Un vote de classe... La bourgeoisie européenne et la grande majorité de la bourgeoisie britannique ont fait une campagne acharnée en faveur du « Brimain » (rester dans l’UE). Comme pour tous les référendums sur l’UE, la bourgeoisie a tenté d’intimider la population pour qu’elle vote « bien », c’est-à-dire conformément à ses intérêts...
Malgré cela, les deux tiers des travailleurEs du Royaume-Uni ont voté pour le Brexit, alors que les bourgeois et les cadres ont massivement voté pour le Brimain.
L’UE est une machine de guerre contre les travailleurEs
Dans la conscience des travailleurEs au Royaume-Uni comme ailleurs, on perçoit les effets de la crise du mouvement ouvrier, le poids des idées fausses et des préjugés xénophobes. Ils doivent être combattus. Mais il n’en reste pas moins que l’UE est perçue à juste titre par la masse des travailleurEs comme une machine de guerre contre leurs intérêts. L’UE est un cadre de coopération entre bourgeoisies pour faciliter le démantèlement des acquis sociaux. Rompre avec ce cadre ne règle en soi aucun problème, mais cela prive la bourgeoisie d’une arme qu’elle a perfectionnée depuis 60 ans. C’est une bonne raison de ne pas être neutre ou pire, de faire campagne pour le Brimain comme l’a fait une partie de l’extrême gauche britannique.
Quand le mouvement ouvrier déserte le combat contre l’UE… cela profite à l’extrême droite !
La campagne pour le Brexit a été dominée par l’aile souverainiste du Parti conservateur et par l’extrême droite (l’UKIP). Ils se sont saisis de l’aspiration légitime de la population à rompre avec un cadre anti-démocratique et anti-social pour l’emmener sur un terrain nauséabond, celui de la chasse aux immigrés, du repli sur soi. Mais ce serait une erreur pour l’extrême gauche de confondre l’aspiration à la démocratie, au refus des injonctions et des carcans de l’UE, avec le nationalisme xénophobe. Nous devons au contraire expliquer que ces aspirations sont perverties par l’extrême droite, et que la « souveraineté » à défendre est celle du pouvoir des travailleurEs, impliquant non seulement de rompre avec l’UE, mais aussi avec toutes les institutions du capital. Notre internationalisme ne voit pas l’UE comme un progrès qu’il faudrait parachever.

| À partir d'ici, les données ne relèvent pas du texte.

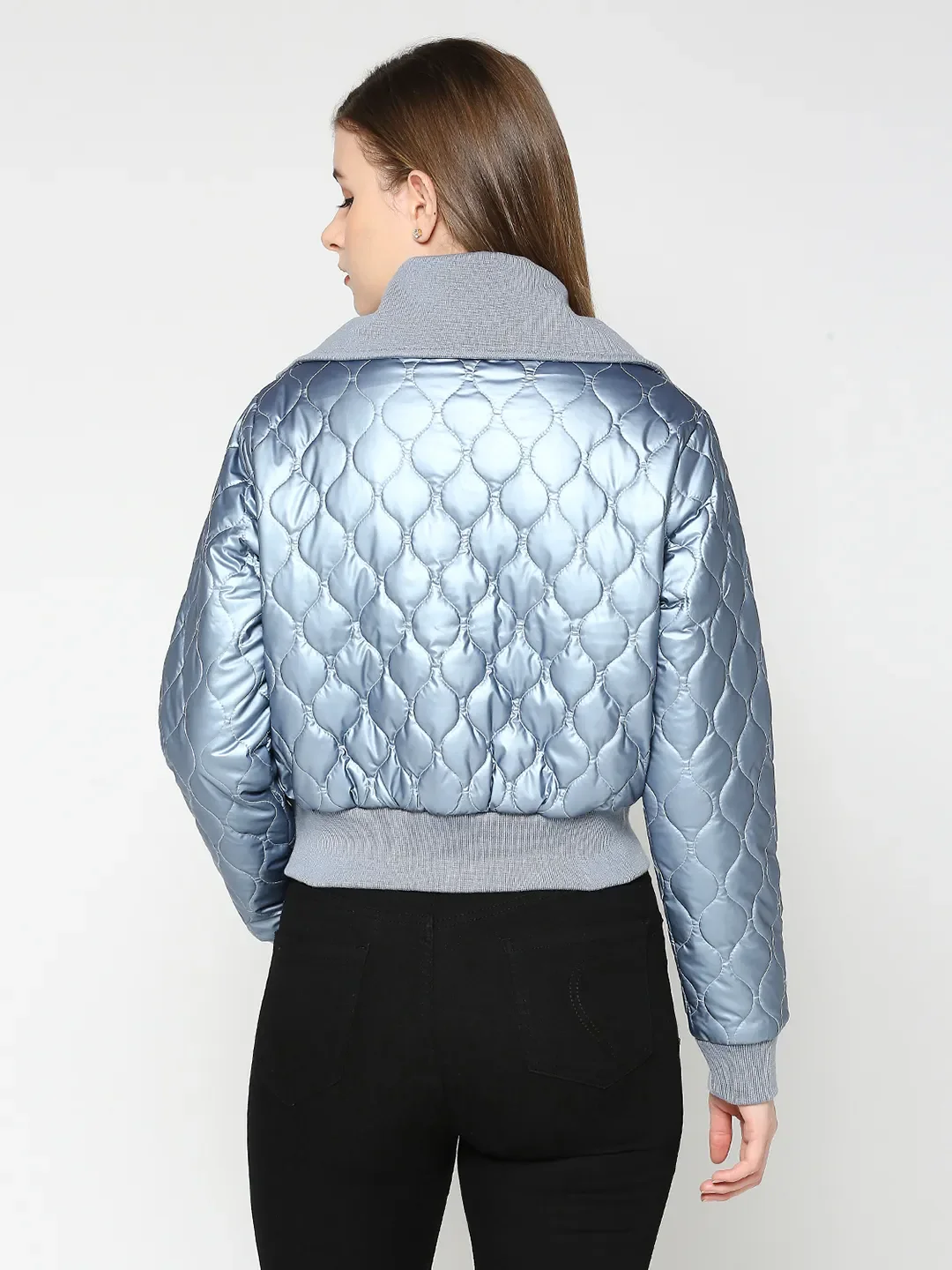 Blue Semi Fit Long Sleeve Women's Jacket By Being Human Clothing - Image 4
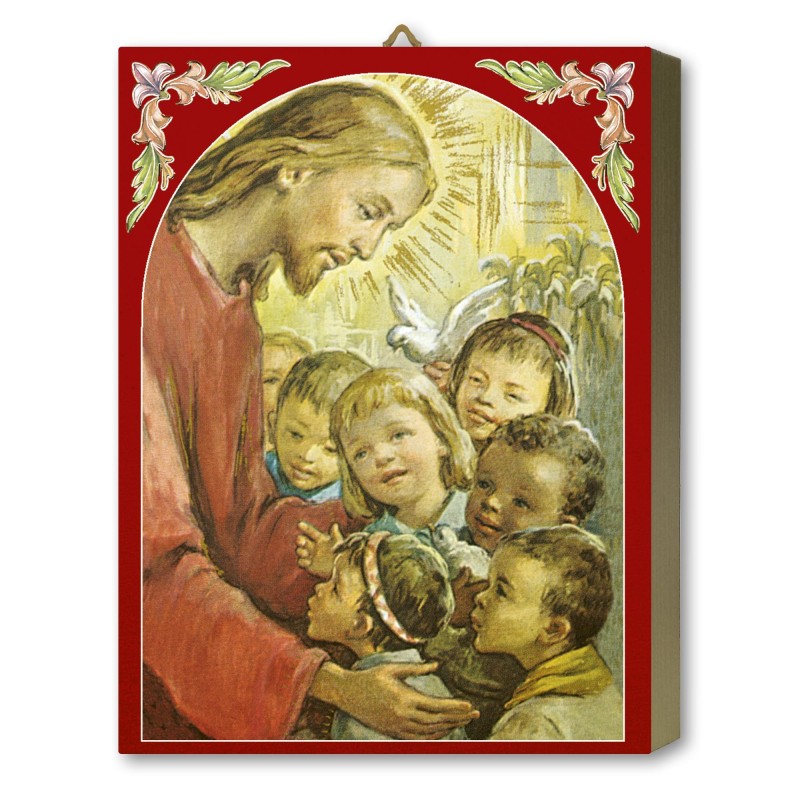 Tavola Lignea di Gesù con i pargoli in scatola regalo Tavola Lignea di Gesù con i pargoli in scatola regalo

Le Parti travailliste de Corbyn aurait du prendre la tête de la campagne pour le Brexit. Corbyn aurait alors été en position de force pour gouverner le pays. Mais il a fait campagne pour le Brimain, ce qui l’a coupé de sa base ouvrière du nord de l’Angleterre ou du Pays de Galles, qui du coup cède de plus en plus aux sirènes de l’UKIP.
Les deux plus grands partis d’extrême gauche (SWP et Socialist Party) ont eu raison de faire campagne pour le Brexit. Au lieu de faire la morale aux travailleurEs en leur expliquant que vouloir rompre avec l’UE, c’est être raciste ou faire le jeu de l’extrême droite, ils se sont appuyés sur leur conscience de classe élémentaire qui leur fait rejeter l’UE pour la faire avancer vers l’anticapitalisme.
Le Brexit est un coup dur pour les bourgeoisies européennes
La bourgeoisie anglaise est affaiblie puisqu’elle perd l’appui de l’UE. En outre, le Brexit déstabilise les économies européennes et le spectre d’une nouvelle crise se profile. Le Brexit est en outre un point d’appui pour les travailleurEs des autres pays de l’UE. Les institutions de l’UE sont affaiblies, et les travailleurEs prennent conscience qu’il est possible d’en finir avec des constructions présentées comme indéboulonnables. Et affaiblir l’UE, c’est affaiblir toutes les bourgeoisies de l’UE, donc c’est faciliter notre lutte en France contre le patronat et le gouvernement.
Pas d’internationalisme sans rupture avec l’UE
Certains à l’extrême gauche nous expliquent que ces phénomènes de crise ne peuvent que profiter à l’extrême droite. Ils en tirent la conclusion qu’il faut faire bloc avec la bourgeoisie européiste au pouvoir pour sauver l’UE. C’est ce positionnement qui laisse les partis d’extrême droite apparaître frauduleusement comme les seuls opposants aux gouvernements. Leur force tient en grande partie à notre faiblesse, notamment au refus de se saisir des questions concrètes pour les articuler à notre perspective anticapitaliste et internationaliste, celle d’un gouvernement des travailleurEs expropriant les capitalistes, reconstruisant l’économie pour satisfaire les besoins et refondant les relations avec les autres peuples vers une Europe socialiste des travailleurEs.